PROMPT:
Down to the last line, print the data that follows exactly, without its pictures.

DATASET RECORDS:
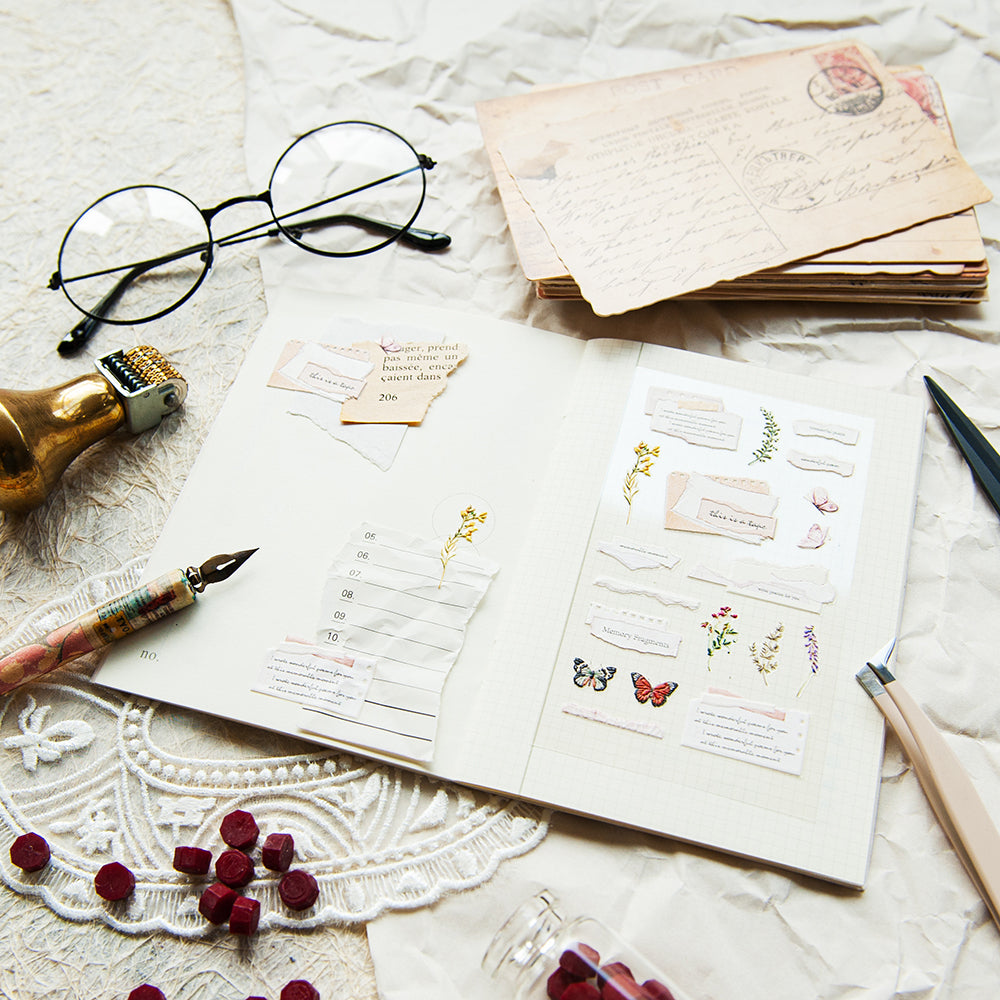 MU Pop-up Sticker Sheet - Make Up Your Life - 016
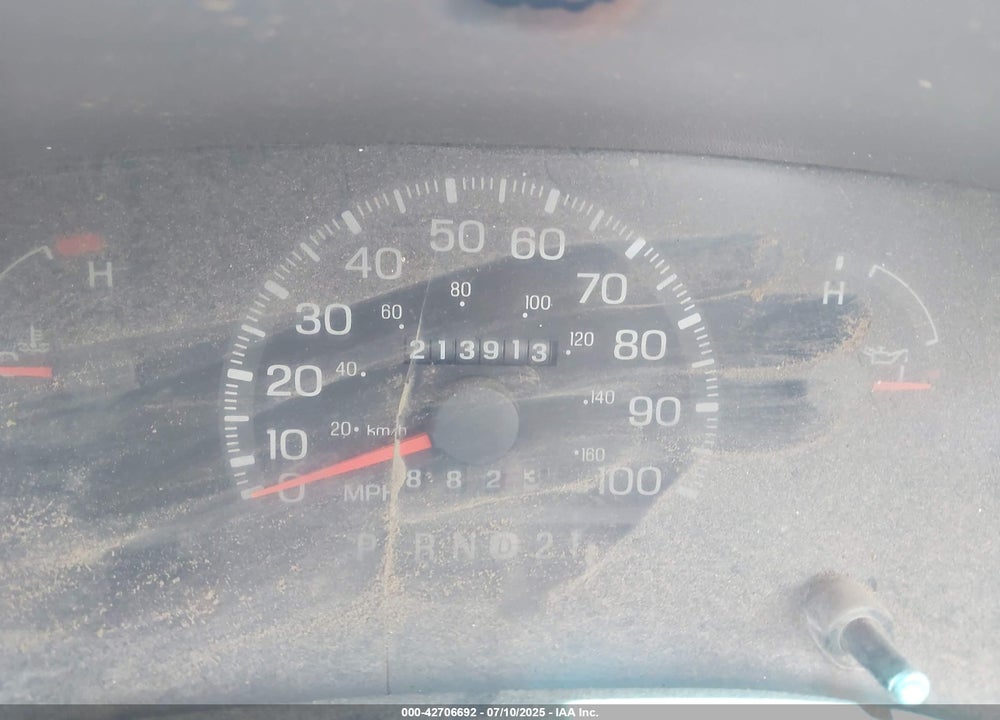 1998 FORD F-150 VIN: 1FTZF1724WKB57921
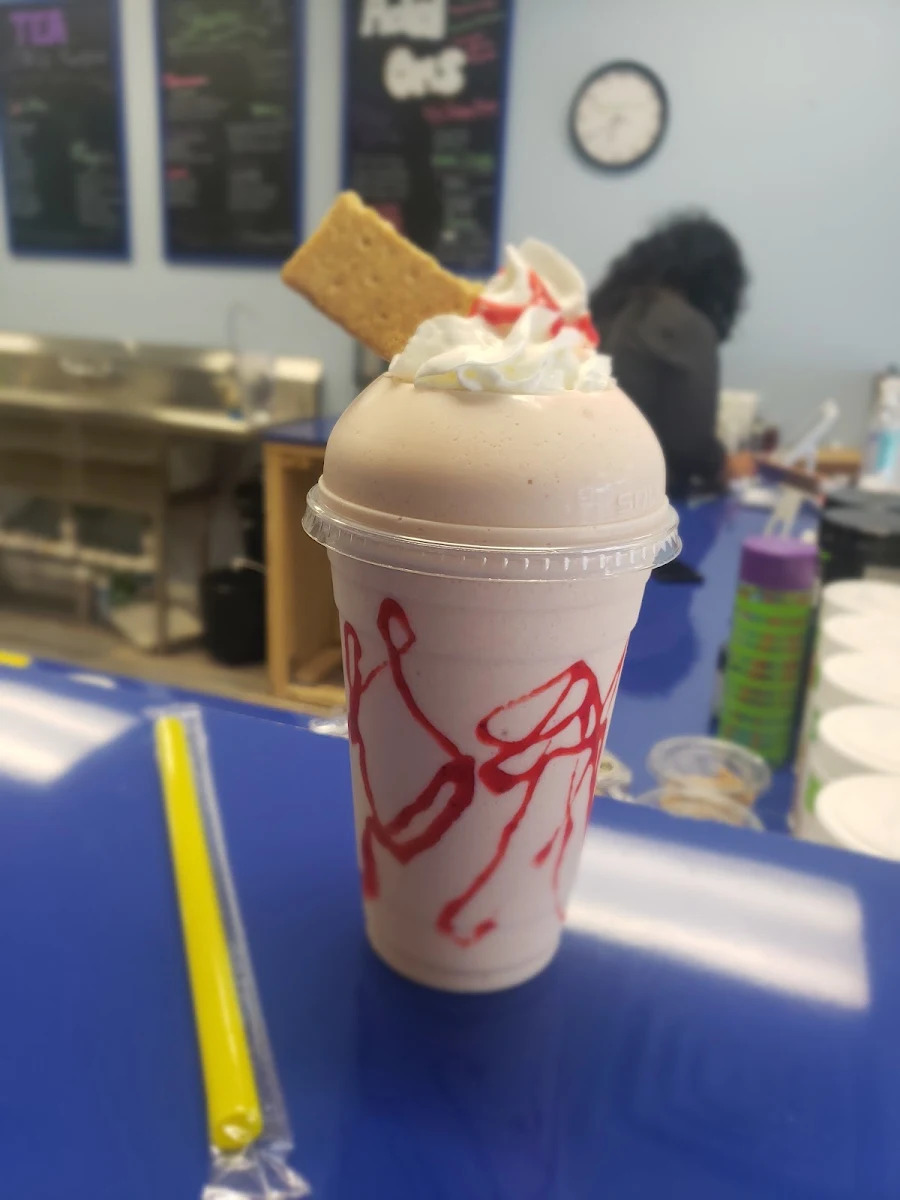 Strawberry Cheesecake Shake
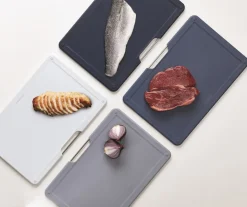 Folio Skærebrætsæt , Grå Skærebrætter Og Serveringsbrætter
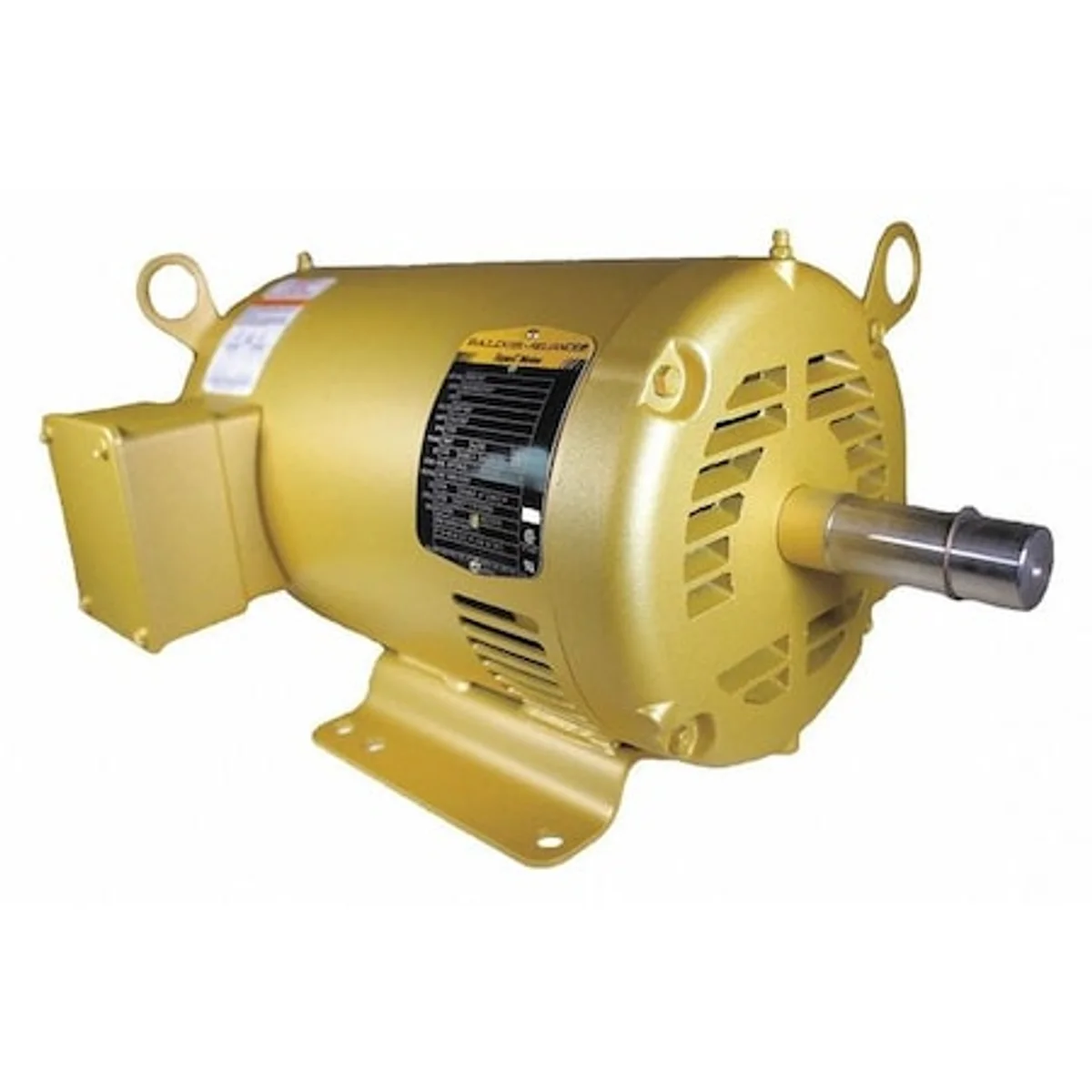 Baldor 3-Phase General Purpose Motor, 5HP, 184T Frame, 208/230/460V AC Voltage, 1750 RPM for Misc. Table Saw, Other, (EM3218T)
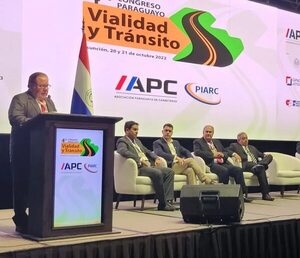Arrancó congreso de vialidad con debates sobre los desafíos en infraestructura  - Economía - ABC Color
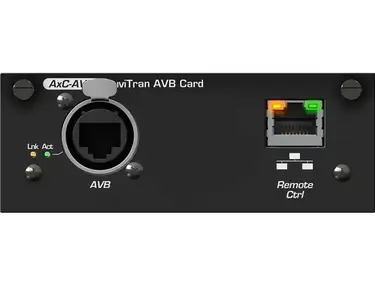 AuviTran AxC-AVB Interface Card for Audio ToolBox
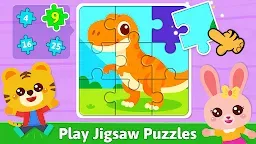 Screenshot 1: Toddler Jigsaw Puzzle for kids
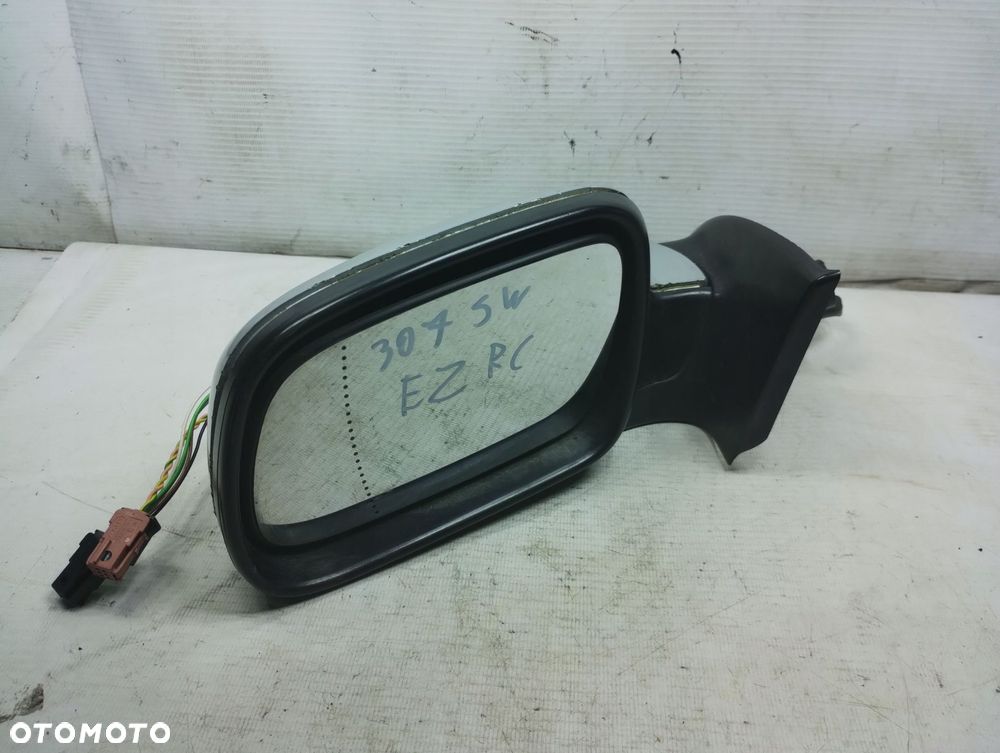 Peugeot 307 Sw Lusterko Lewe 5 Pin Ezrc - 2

EXERCISE RESPONSE:
 MU Pop-up Sticker Sheet - Make Up Your Life - 016
 1998 FORD F-150 VIN: 1FTZF1724WKB57921
 Strawberry Cheesecake Shake
 Folio Skærebrætsæt , Grå Skærebrætter Og Serveringsbrætter
 Baldor 3-Phase General Purpose Motor, 5HP, 184T Frame, 208/230/460V AC Voltage, 1750 RPM for Misc. Table Saw, Other, (EM3218T)
Arrancó congreso de vialidad con debates sobre los desafíos en infraestructura  - Economía - ABC Color
 AuviTran AxC-AVB Interface Card for Audio ToolBox
 Screenshot 1: Toddler Jigsaw Puzzle for kids
 Peugeot 307 Sw Lusterko Lewe 5 Pin Ezrc - 2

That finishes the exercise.